CVS is similar to carpal tunnel syndrome and other repetitive motion injuries you might get at work. It happens because your eyes follow the same path over and over. And it can get worse the longer you continue the movement. When you work with a computer, your eyes have to focus and refocus all time. They move back and forth as you read. You may have to look down at papers and then back up to type. Your eyes respond to changing images on the screen to create, so your brain can process what you are seeing. All these jobs need a lot of strength from your eye muscles. And to make things worse, unlike a book or piece of paper, the screen adds contrast, flicker, and glare.

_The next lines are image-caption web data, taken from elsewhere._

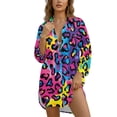 thumbnail image 1 of Xoenoiee Watercolor Colorful Leopard Print Bathing Suit Cover Up for Women Lightweight Swimsuit Coverup Dress Long Sleeve Button Shirt Beach Cover Ups Summer Vacation Outfit, L, 1 of 7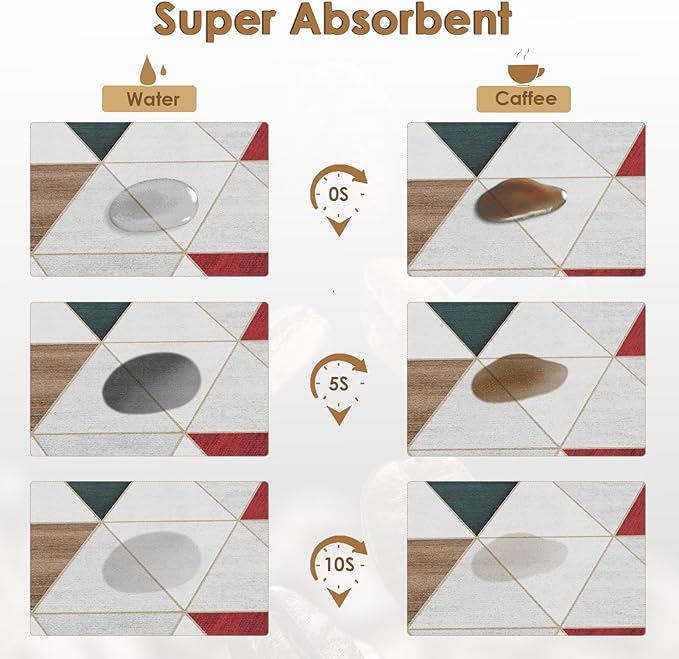 Arttown Coffee Mat for Countertops, Minimalist Modern Geometric Patchwork Red Dish Drying Mat 2 Pcs for Kitchen Bar Accessories, Coffee Maker Espresso Machine Dish Rack Hide Stain Rubber 12x19in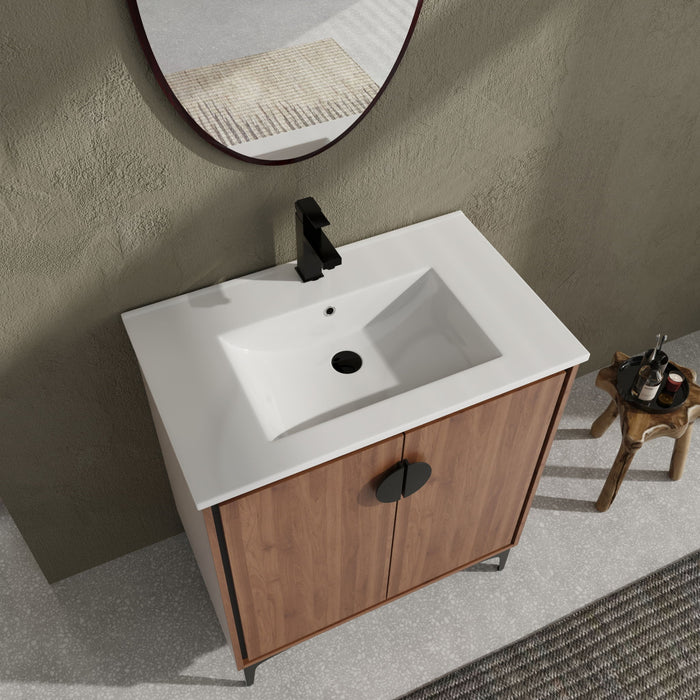 Modern Bathroom Vanity With Top Sink, Engineered Wood Storage Cabinet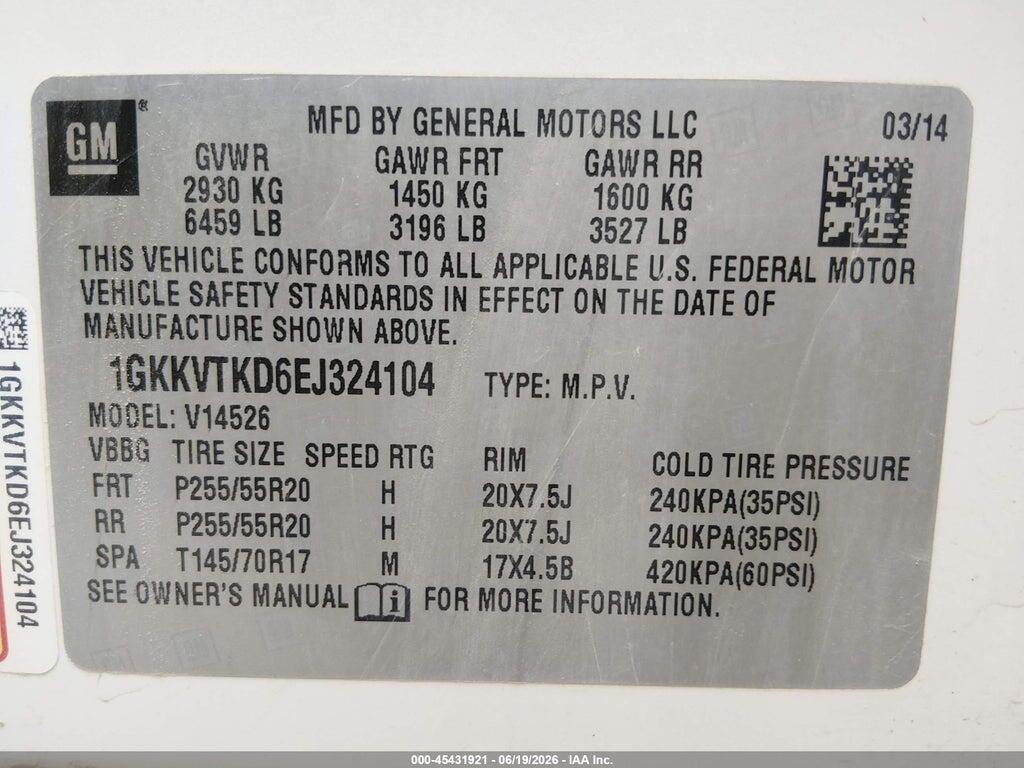 1GKKVTKD6EJ324104 2014 GMC ACADIA photo no. 9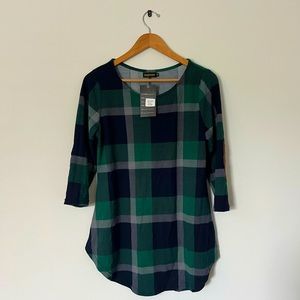 NWT Medium Reborn Green Plaid Shirt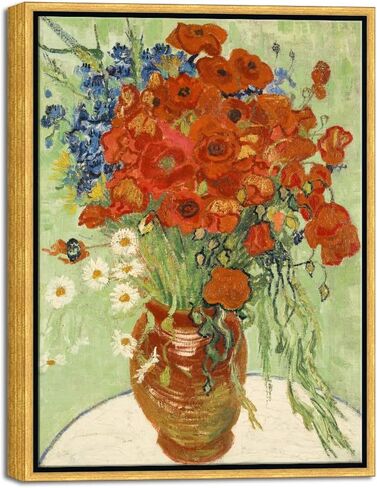 Wieco Art Framed Wall Art of Red Poppies and Daisies by Vincent Van Gogh Paintings Reproduction Abstract Canvas Prints for Home Living Room Decorations Bronze Gold Frame in Kuwait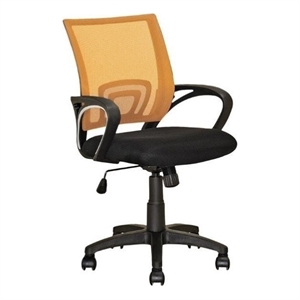 atlin designs swivel office chair in orange and black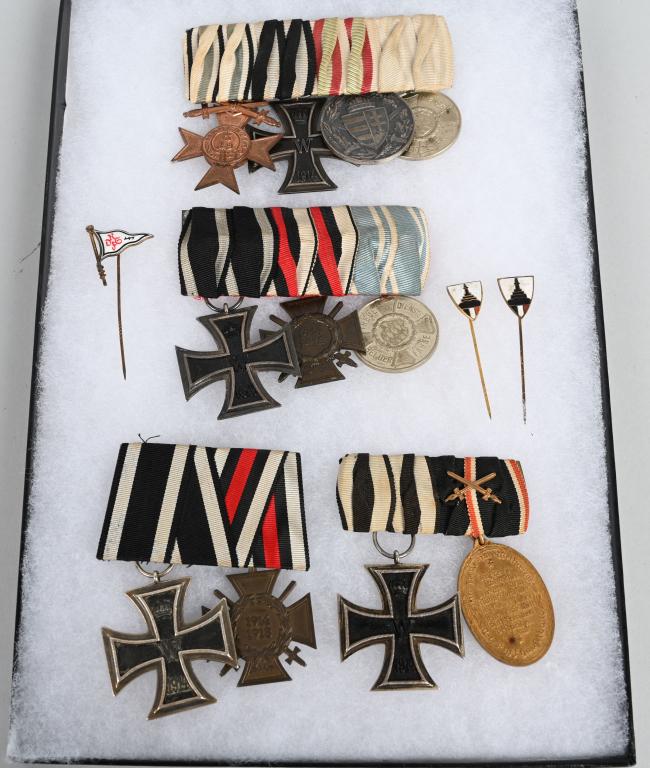 WW1 IMPERIAL GERMAN MEDAL BAR LOT W/ STICKPINS: WW1 Imperial German medal bars and stickpins lot including 1) 4 place medal bar including Bavarian Military Merit Cross with swords, Iron Cross 2nd class that is ring marked 02, 1914-18 Hungarian Comb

You are more likely to have complications if you already have eye trouble, if you want glasses but do not have them, or if you wear the wrong recommendation for computer use. While cutting down dramatically on screen use might be the ideal treatment for strained eyes, it is not practical for people with desk-based jobs. There are still countless practical steps you can take to reduce the effects of computer use on eye health and vision. Set an alarm every 30 minutes to give your eyes a break. Take a walk across the studio and back to correct poor posture at the same time. Screen glare can cause eye strain, but good lighting can help reduce the effects. Adjust the contrast settings on your computer monitor so that the screen feels relaxed to look at. Eliminate anything that causes glare, such as desk illuminations, and position your screen so that it is not straight in front of or behind a window. If you have an untreated existing eye problem like myopia or hypermetropia, computer use is likely to worsen the effects. Regular eye tests will discover any vision problems and certify that your eyes are treated with the appropriate prescription. Specially designed eyeglasses can dramatically reduce the effects of computer use on eye health and vision. Aiding the eye to focus on the screen without strain, your computer glasses might have a different treatment from reading glasses, since the object of your focus is a different distance away. Computer glasses can also have anti-reflective coatings and even tinted lenses to assistance reduce glare.